A Bodoland Story
Rakesh Soud explores here into some startling facts about forest cover depletion in the BTC area and proposes some multi-pronged strategies to restrain any further mitigation of the tigers and other natural resources
Prior to the European worldwide exploration, the indigenous and local people of probably all countries had social systems that dealt with the management of natural resources. With the coming of British domination to India, there was a disruption of the communal systems, leading to an open access to natural resources. In short, tropical forest management based on the European concept has failed and requires change. In Assam, open access further resulted from the major political turmoil through militant groups reducing the Assam Forestry Department’s control even further. As a result the professional timber and trophy trading networks illegally dominated the forest areas and started exploiting the rich forest resources under the garb of so called ethnic violence or extremist domination. The recent years’ turmoil and tribulations have paved the way for more animosity amongst people.
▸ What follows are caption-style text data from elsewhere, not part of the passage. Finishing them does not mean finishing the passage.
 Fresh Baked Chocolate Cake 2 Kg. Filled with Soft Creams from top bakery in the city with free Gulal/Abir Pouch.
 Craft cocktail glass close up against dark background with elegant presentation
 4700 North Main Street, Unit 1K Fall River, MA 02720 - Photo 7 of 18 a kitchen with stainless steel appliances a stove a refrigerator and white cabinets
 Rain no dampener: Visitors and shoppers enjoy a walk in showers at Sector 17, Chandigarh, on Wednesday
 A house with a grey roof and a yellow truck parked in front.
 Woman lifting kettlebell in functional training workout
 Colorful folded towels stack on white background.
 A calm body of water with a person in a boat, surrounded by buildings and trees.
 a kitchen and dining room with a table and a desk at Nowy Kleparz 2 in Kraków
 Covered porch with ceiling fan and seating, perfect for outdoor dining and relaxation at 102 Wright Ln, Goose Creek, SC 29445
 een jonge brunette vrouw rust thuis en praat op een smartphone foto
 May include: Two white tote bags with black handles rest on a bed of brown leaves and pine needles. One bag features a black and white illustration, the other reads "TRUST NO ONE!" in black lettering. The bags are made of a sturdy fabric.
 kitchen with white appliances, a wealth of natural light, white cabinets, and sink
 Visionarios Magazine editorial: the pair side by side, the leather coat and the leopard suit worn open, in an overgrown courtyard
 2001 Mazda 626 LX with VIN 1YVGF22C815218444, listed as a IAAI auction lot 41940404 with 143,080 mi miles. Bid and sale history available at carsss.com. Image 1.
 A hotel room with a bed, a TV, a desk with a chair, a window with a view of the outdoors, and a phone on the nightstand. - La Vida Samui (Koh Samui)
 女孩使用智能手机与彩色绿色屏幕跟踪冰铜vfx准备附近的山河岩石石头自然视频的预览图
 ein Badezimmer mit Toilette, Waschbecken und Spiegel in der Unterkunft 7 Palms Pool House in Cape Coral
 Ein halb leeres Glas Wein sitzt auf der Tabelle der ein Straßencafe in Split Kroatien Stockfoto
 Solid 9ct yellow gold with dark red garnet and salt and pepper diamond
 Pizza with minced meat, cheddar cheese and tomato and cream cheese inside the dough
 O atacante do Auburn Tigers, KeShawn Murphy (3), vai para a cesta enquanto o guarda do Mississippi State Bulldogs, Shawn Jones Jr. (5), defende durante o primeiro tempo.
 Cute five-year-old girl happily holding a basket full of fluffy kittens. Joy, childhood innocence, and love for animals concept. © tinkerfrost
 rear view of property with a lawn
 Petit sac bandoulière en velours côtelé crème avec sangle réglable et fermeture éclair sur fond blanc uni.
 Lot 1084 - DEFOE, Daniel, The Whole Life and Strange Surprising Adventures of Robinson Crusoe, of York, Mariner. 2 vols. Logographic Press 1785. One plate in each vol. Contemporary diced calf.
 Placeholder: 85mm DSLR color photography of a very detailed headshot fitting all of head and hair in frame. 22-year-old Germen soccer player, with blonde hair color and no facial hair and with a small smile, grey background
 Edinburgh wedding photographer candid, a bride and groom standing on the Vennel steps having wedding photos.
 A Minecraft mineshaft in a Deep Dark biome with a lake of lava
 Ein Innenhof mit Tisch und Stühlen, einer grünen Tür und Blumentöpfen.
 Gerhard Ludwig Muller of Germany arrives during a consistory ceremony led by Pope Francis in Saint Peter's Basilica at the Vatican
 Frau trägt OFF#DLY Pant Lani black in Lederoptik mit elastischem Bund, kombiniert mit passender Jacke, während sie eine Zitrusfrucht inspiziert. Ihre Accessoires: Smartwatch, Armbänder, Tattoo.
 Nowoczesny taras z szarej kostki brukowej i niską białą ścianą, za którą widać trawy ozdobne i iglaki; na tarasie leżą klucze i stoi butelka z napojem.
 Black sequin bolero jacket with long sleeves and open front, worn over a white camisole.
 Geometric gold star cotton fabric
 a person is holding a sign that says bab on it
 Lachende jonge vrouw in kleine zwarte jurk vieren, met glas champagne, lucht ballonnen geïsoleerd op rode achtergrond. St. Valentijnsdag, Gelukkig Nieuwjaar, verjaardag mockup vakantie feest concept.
Understanding the Political ecology:
Ethnically, the people of the Bodo community are the true sons of Assam. The Bodos that settle on the northern bank of river Brahmaputra up to the mountain border with Bhutan is their homeland. During the time of the Bodo movement for recognition as an autonomous community, the forest area of Bodoland suffered for various reasons and professional illegal trading networks took advantage of the unstable situation and utilized the locals’ knowledge and skills to cover their criminal demand. This further forced the Rhinos to become locally extinct from Manas National Park and tiger population came under serious threat. After the movement had ended with the establishment of the Bodoland Territorial Council, few local groups started using the new dawn for promoting a recollection of the Bodo traditional conservation attitude. The foundation for the project was laid in 2004 with the formation of the NGO Manas Maozigendri Eco-tourism Society on the initiative of local youth from several villages on the eastern range of Manas National park.
Consequently, community meetings, training sessions and capacity building workshops started in December 2004. The chosen model of participatory conservation was recognized by local authorities such as the Minster of Forest and Tourism, Bodoland Territorial Council, and the Forest Department Officials, as an effective way to ensure nature protection combined with sustainable regional development. This gives a strong emphasis regarding the need of coexistence of both tribal and wildlife. Another contentious issue in the Forest Rights Act was perplexed rules of ‘critical wildlife habitat’ also pitted against Critical Tiger Habitat under the amendments of the Wildlife Protection Act in 2006 with only a minor difference regarding jurisdiction and nothing else.
Tribal and Their Forest:
The question arises that why a tribal should protect forest when there is so much of pressure from every side. This must not be the responsibility of a particular section of people. It is not so easy to document or to determine specific causation; there has been a great deal of community interest in community conservation and related activities on the part of communities. But after the strong motivation, the locals came out to protect their own forest in different parts of Bodoland forest in form of people’s protection groups.
As a matter of fact, I had been engaged with lots of people working for the promotion and conservation with the local Bodo community in their own territory. They always propose two aspects to begin the rehabilitation of Bodoland forests. One by converting some of the uninhabited areas of Reserve Forests that still are good viable forests into Wildlife Sanctuaries, and another to convert those highly degraded residual areas that are inhabited into Village Forests or Community Reserves under forest dwellers. These two steps would give added protection to the uninhabited forest and give communities responsibility to reforest and manage their own forests for their own benefits as many communities had done in the past and some are currently doing, however, without legal protection.
A Village Forest or Community Reserve concept might be considered an extension of the Joint Forest Management concept or might be considered to be a modern approach to regain some of the earlier indigenous successes in community management while superimposing a modern co-management approach in which the community and government co-manage the resources with the help of local non-governmental organizations. These will definitely act as a major step before we loose both the tigers and tribals-our national heritage and pride.